On our return to Sri Lanka I was roped into playing a six-a-side cricket competition. Roped in is probably not completely accurate. I willingly volunteered my services. Ok, I begged to play. Held over three days, the Fusion Cricket Championship is the preeminent Colombo Christian Churches Social Cricket Competition (try saying that as fast as you can six times).

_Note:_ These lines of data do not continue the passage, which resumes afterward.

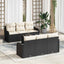 Havesofa Sæt Sort 55 x 55 x 37 cm polyrattan
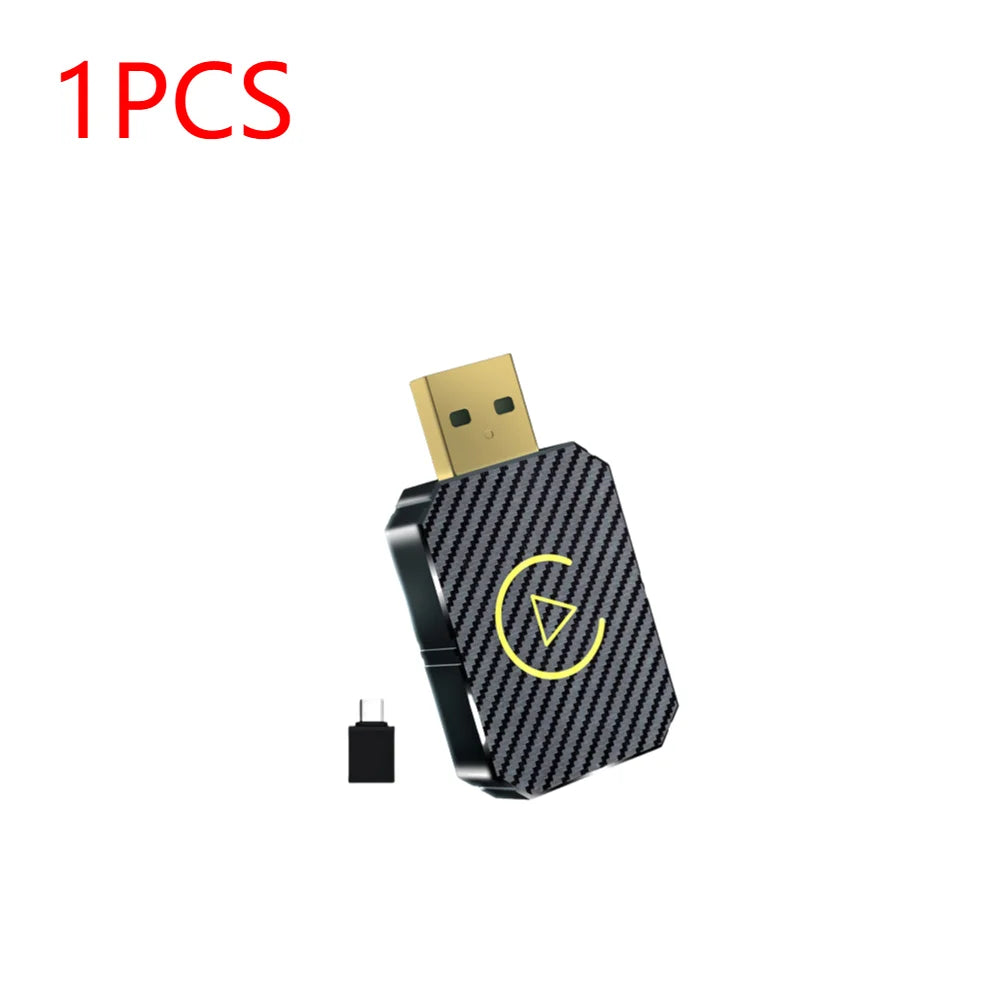 ﻿ 1-5Pcs 2in1 MINI Q1M Wireless CarPlay Android Auto Adapter BT5.0 WiFi Fast Connection Wireless Adapter Smart Mini Box USB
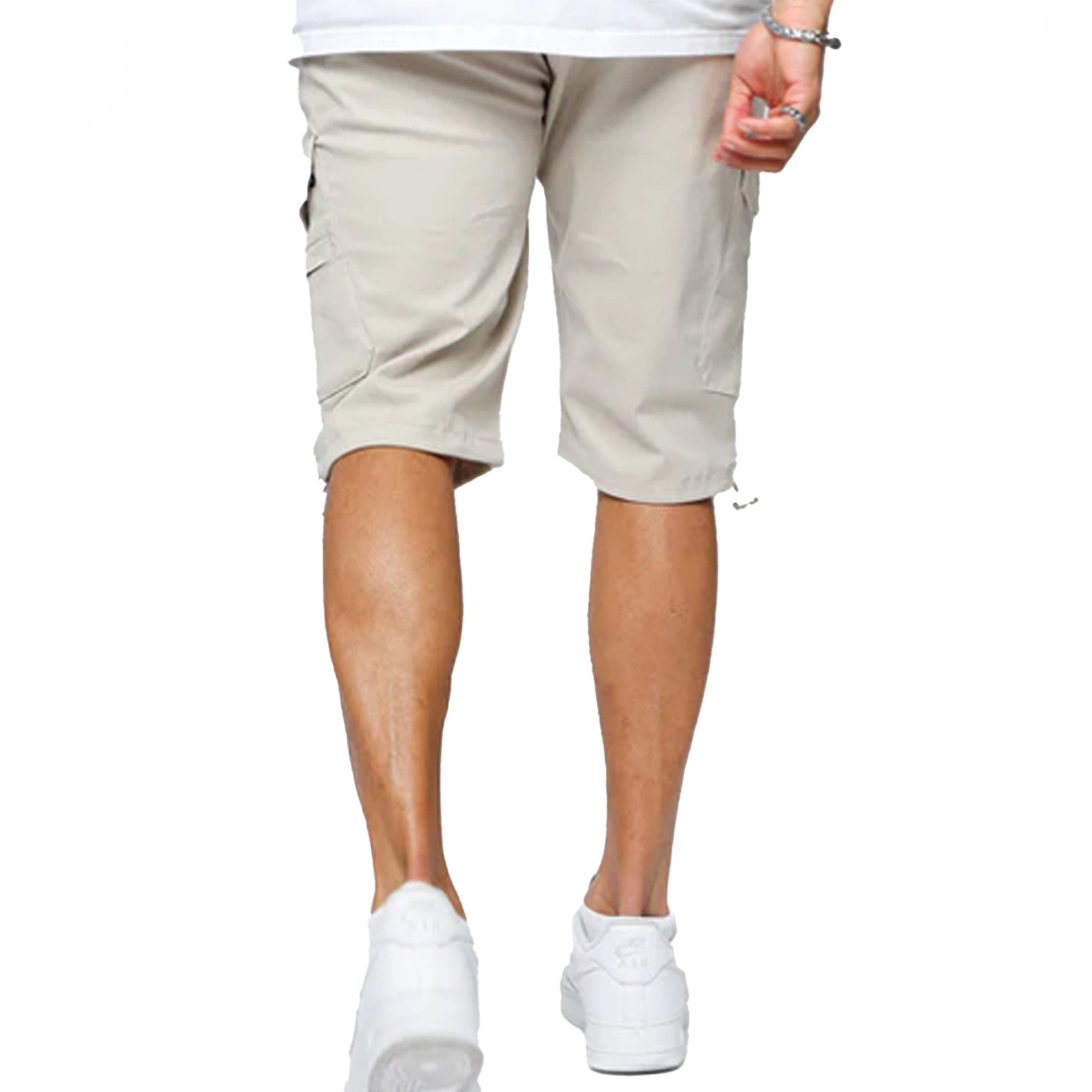 Valere Armando Stone Cargo Shorts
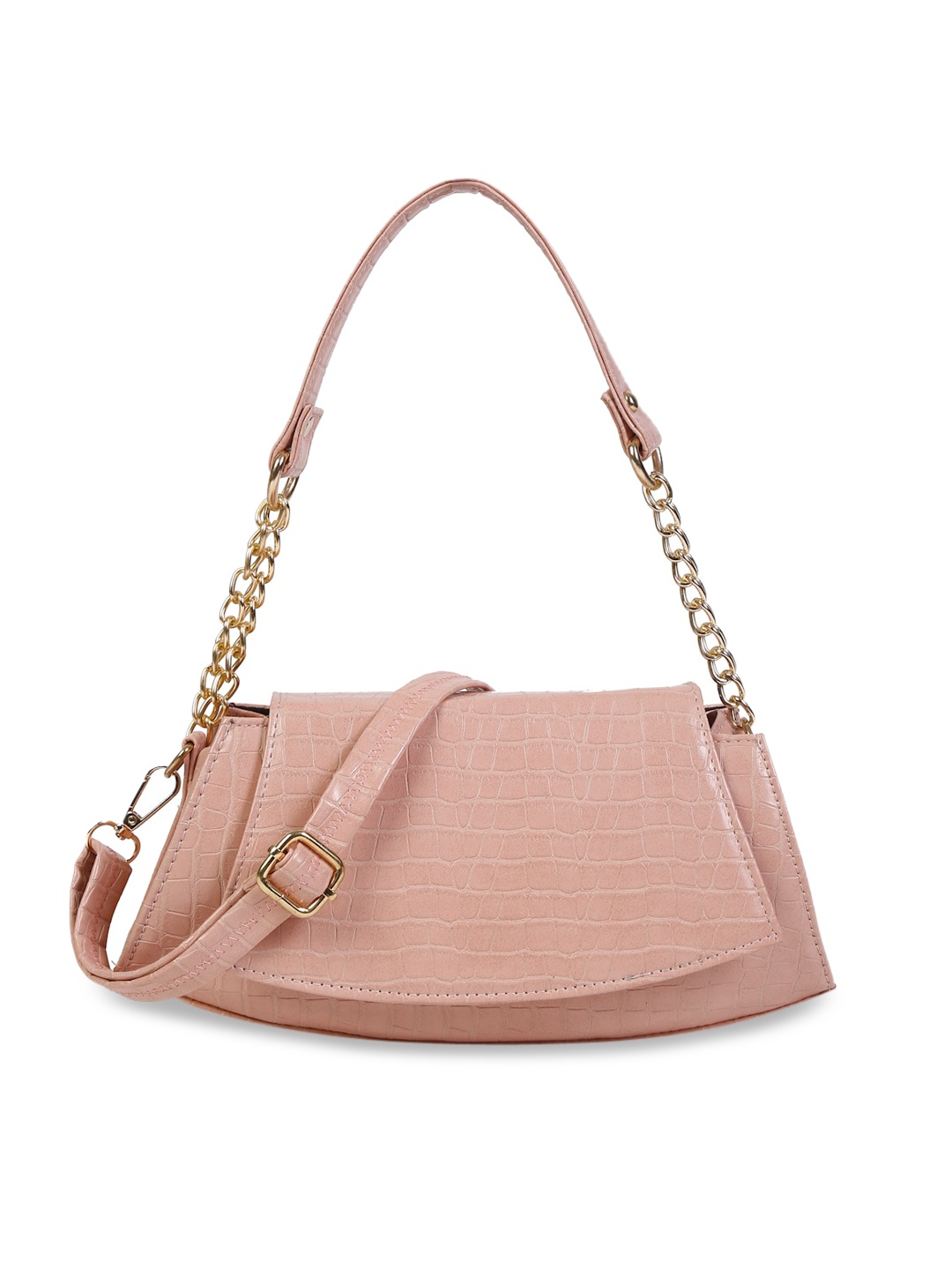 

Apsis Women Peach-Coloured Structured Shoulder Bag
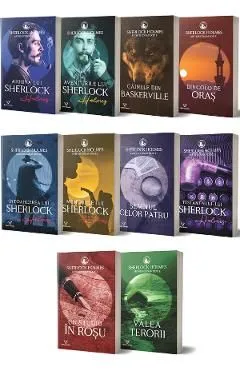 Pachet 10 volume: Sherlock Holmes de Arthur Conan Doyle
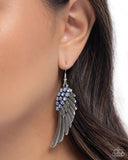 Angelic Abundance - Blue Earrings - Paparazzi Accessories Earrings Bedazzle Me Pretty Mobile Fashion Boutique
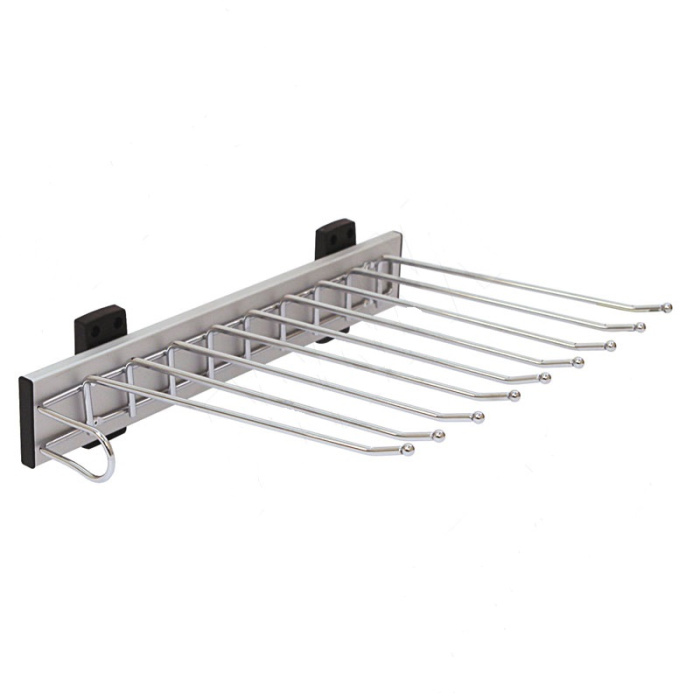 Вешалка для брюк боковая неполного выдвижения левая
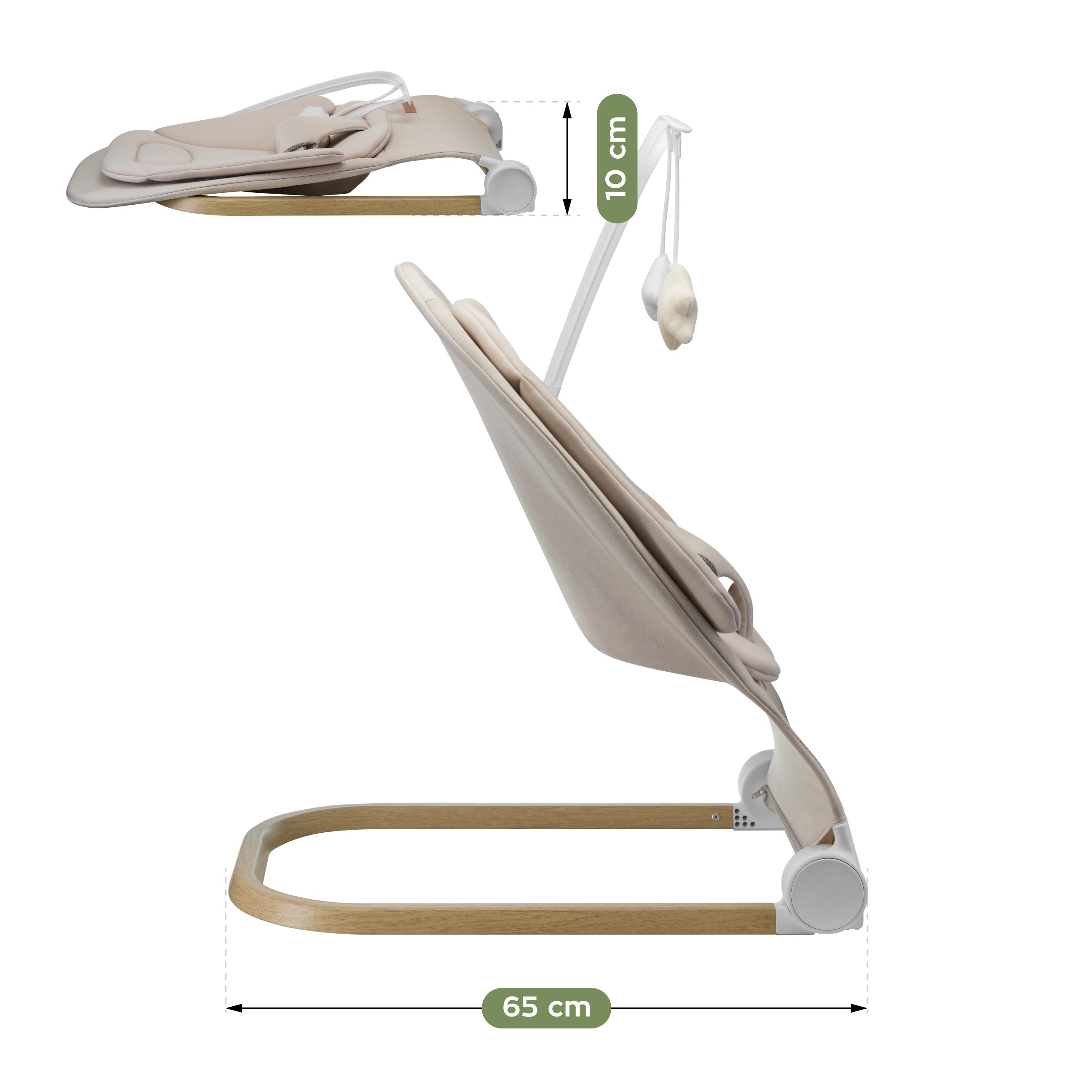 Tulano Moon 50 Beige schommelstoel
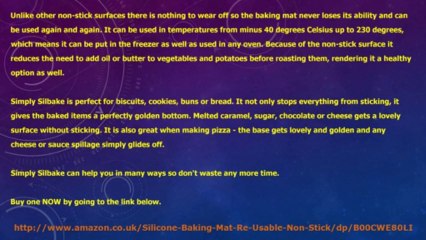 Revolutionary Amazing Silicon Cooking Mat Brought To You By Simply SILBAKE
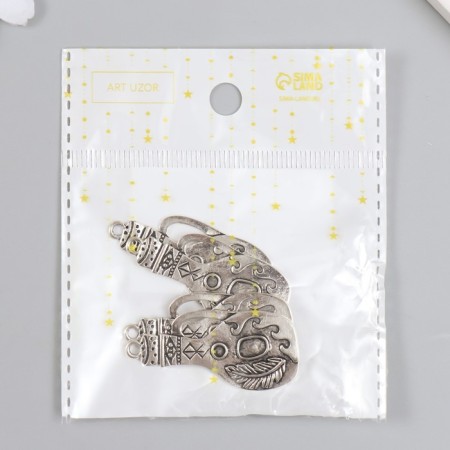 Decor for creativity Metal "Eastern Bench" 4.2x2 cm-3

These are my take homes from the competition:
1. Don’t warm up.
The tournament was due to start at 9:00am so given local custom we arrived at 9:30am to find the ground still being set up. This gave us plenty of time to warm up before the matches started. In its heyday the warm up area was probably a nice basketball court, but 30 years of neglect and months of monsoon rain had transformed it into a muddy gravel pit. A perfect place to warm up. Steaming in off the long run whilst doing my best Merve Huges impression (much to the delight of myself), I was just about to unleash a rocket when I stepped onto what I thought was solid ground. Not solid ground. I went head over heels into the gravel pit which claimed half the skin off my leg. A quick trip to the local doctor to pull a small quarry out of my leg and an hour later I was still 30 minutes early for the first game.
2. Rules, what rules?
The tournament was a six-a-side, four overs per team, to be played with a tennis ball. Day one overs were four balls long, day two we got an extra ball per over. Day one LBW was not a method of dismissal, day two it was on one ground but not on another. Men could bowl over arm to men but under arm to women. If you could not bowl under arm you could throw over arm to the ladies. Women could bowl or throw however they wanted to. Two runs were given for a wide or no-ball. Across the tournament there were four cases of no balling due to throwing (in Sri Lanka of all places, I know its barely believable). One of these allegations was levelled against a member of my team leading me to intervene so that the over could continue. The umpire asserted that the bowler actually knew how to bowl properly and was throwing on purpose. Ohhh a conspiracy theory! I assured the umpire that the bowler did not know how to bowl properly as he had not been taught how to, that this was a social churches comp and that he had been hit for two sixes off his first two balls, so maybe we could just let it slide this one time. Logic prevailed and another six later the over ended.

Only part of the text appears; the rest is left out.